# Cook's Illustrated Mashed Sweet Potatoes



## crankin (Oct 21, 2007)

*Mashed Sweet Potatoes*

I found a recipe for mashed sweet potatoes that calls for braising the potatoes in a small amount of cream (just a few tablespoons) insted of boiling or baking the potatoes.  When I did this, I ended up with very dry potatoes and had to add much more cream than the recipe called for. Has anyone tried a method like this before with success?


----------



## jpmcgrew (Oct 21, 2007)

Your recipe did not come up on your link,so give us recipe and maybe we can help.


----------



## lpb (Oct 22, 2007)

I'm not sure about this recipe, but I made mashed sweet potatoes last week and they were amazing!  I baked three sweet potatoes in the oven for about 45 min.  They were so soft when they came out that all I had to do was slice them up and they mashed up easy, I left the skin on too.  I added about a stick (or two!) of butter, dash of milk, 
cup of brown sugar, and 1 1/2 cups of crushed pecans.  I mixed them with a fork and sprinkled with cinnamon.  They were delicious!

lpb


----------



## Caine (Oct 22, 2007)

Why would you put sugar, brown or white, on SWEET potatoes?  Are they not sweet enough already?
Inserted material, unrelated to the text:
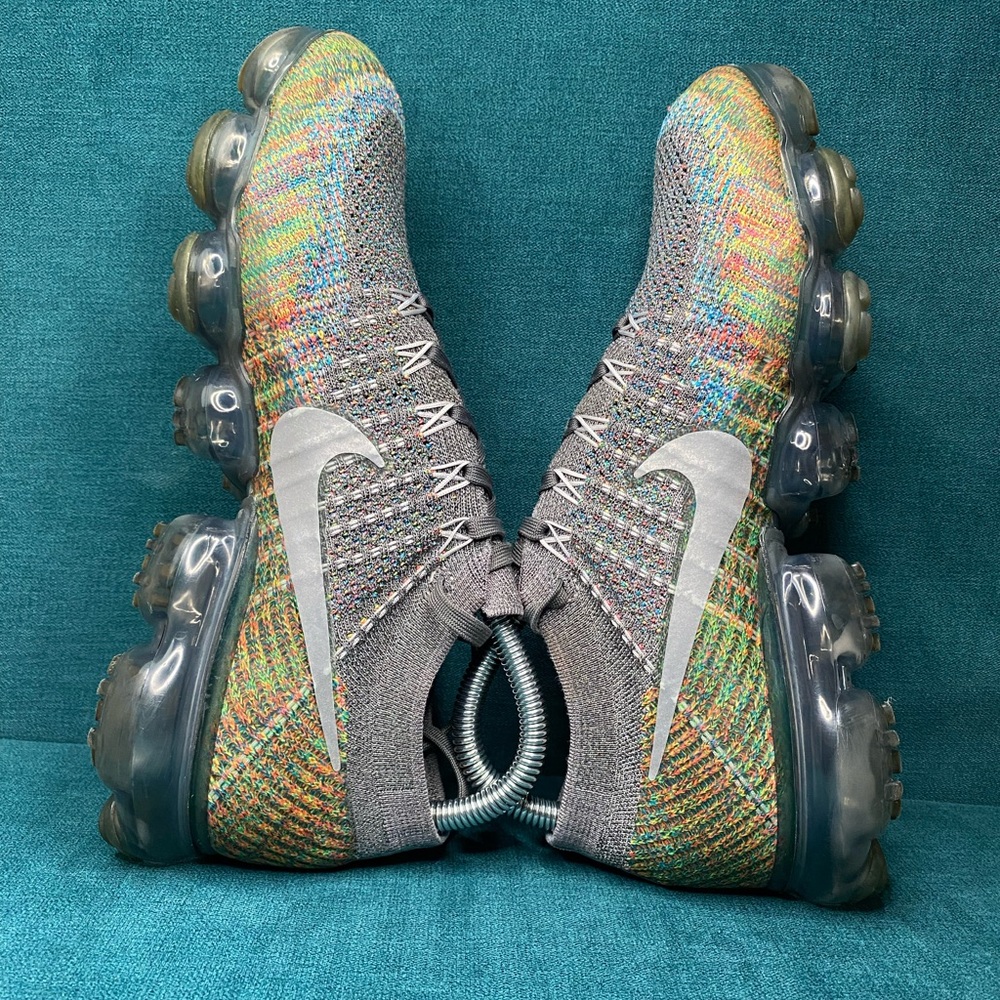 Nike Air Vapormax Flyknit KALEIDOSCOPE Size 8.5 Women's - Picture 6 of 8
I guess maybe I'm a purist, but I like mine baked in a 375F oven for 45 minutes, cut in half, and eaten right from the skin, with a little bit of butter and salt. I guess you could mash them on your plate if you want, but why add sugar?


----------



## Katie H (Oct 22, 2007)

lpb said:


> I'm not sure about this recipe, but I made mashed sweet potatoes last week and they were amazing!  I baked three sweet potatoes in the oven for about 45 min.  They were so soft when they came out that all I had to do was slice them up and they mashed up easy, I left the skin on too.  I added about a stick (or two!) of butter, dash of milk,
> cup of brown sugar, and 1 1/2 cups of crushed pecans.  I mixed them with a fork and sprinkled with cinnamon.  They were delicious!
> 
> lpb



I do that too, lpb.  It's really delicious along with ham/pork or any poultry dish.
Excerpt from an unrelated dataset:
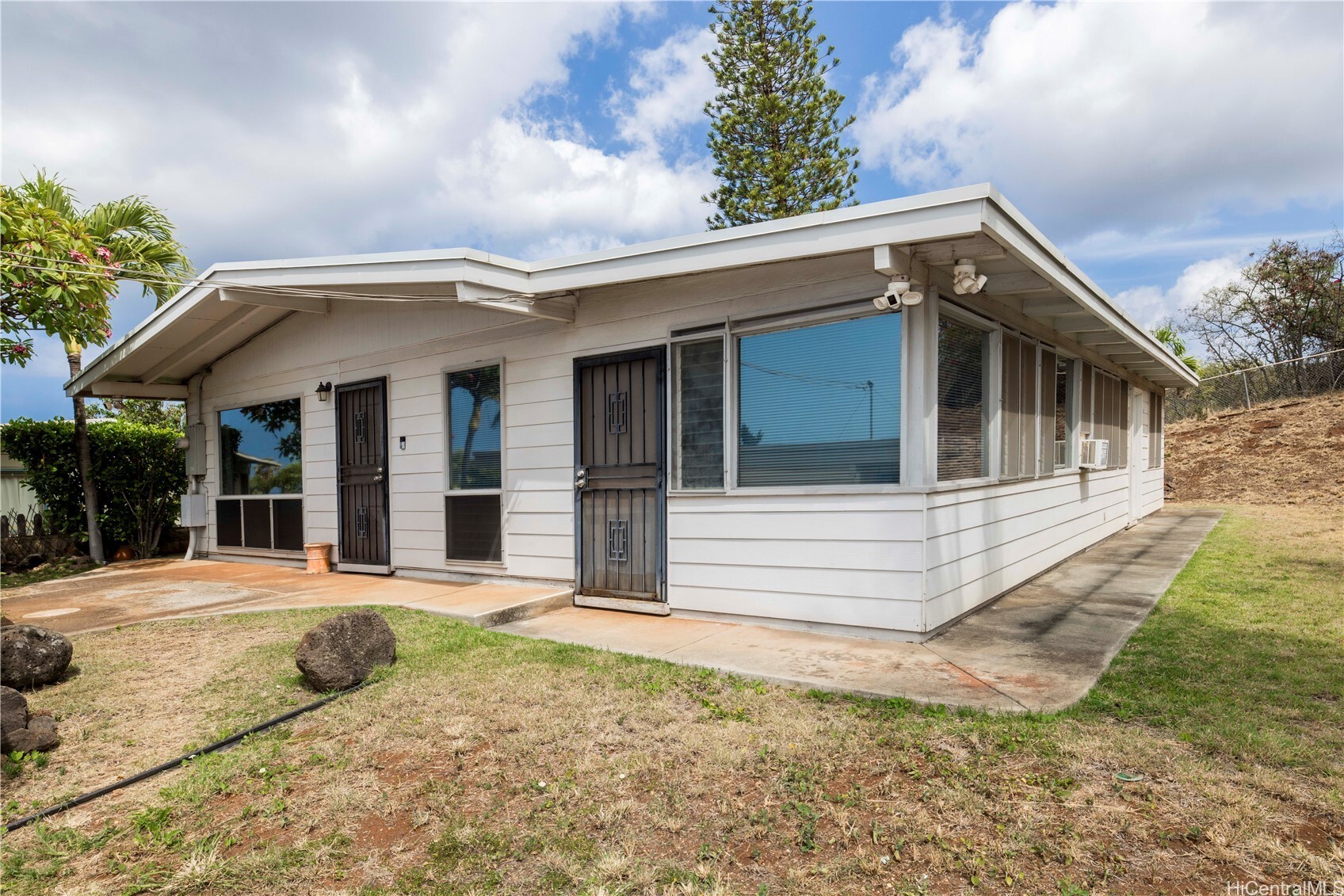 Property Photo: 92-1020 Palailai Place HI 96707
I also like to add mashed bananas sometimes or crushed pineapple.  Sweet potatoes are wonderful mixed with all sorts of other goodies.


----------



## Benni (Oct 24, 2007)

I find the best way is to boil or roast the potatoes and mash with butter and milk. A touch of parsley and finely chopped onion adds to the flavour.  I must say I do prefer my sweet potato roasted.


----------



## marajo (Nov 13, 2007)

lpb, you left the skins on the sweet potatoes you mashed? Regular potatoes but weren't the skins tough?


----------



## crankin (Nov 13, 2007)

I leave the skin on red potatoes when I mash them but for all other types I take the skin off. I tried skin-on mashed sweet potatoes once but they were too stringy and tough. However, if I eat the potato whole (baked), I'll eat the skin no matter what type of potato (especially sweet).


----------



## lpb (Nov 15, 2007)

Sorry I never checked this post back until now, but 1. I'm from the south where we add sugar/lard to everything down here!!  I have ALWAYS heard of sweet potatoes mixed with butter and brown sugar.  Whether its my grandmothers, aunts, mom, or even restaurants making it, it has always contained brown sugar. 2. I did leave the skins on...I was thinking about peeling them but didn't before hand and they were soooo soft and moist I blended everything together and it was delicious! I guess my reasoning was as crankin stated, you eat the skin with a baked potato, why not mashed, as long as they weren't tough, they blended right in...

lpb


----------



## Jeff G. (Nov 15, 2007)

lpb said:


> Sorry I never checked this post back until now, but 1. I'm from the south where we add sugar/lard to everything down here!!  I have ALWAYS heard of sweet potatoes mixed with butter and brown sugar.  Whether its my grandmothers, aunts, mom, or even restaurants making it, it has always contained brown sugar. 2. I did leave the skins on...I was thinking about peeling them but didn't before hand and they were soooo soft and moist I blended everything together and it was delicious! I guess my reasoning was as crankin stated, you eat the skin with a baked potato, why not mashed, as long as they weren't tough, they blended right in...
> 
> lpb




I like a little brown sugar along with the butter on mine too..  If you have Pecans... even better!!!!


----------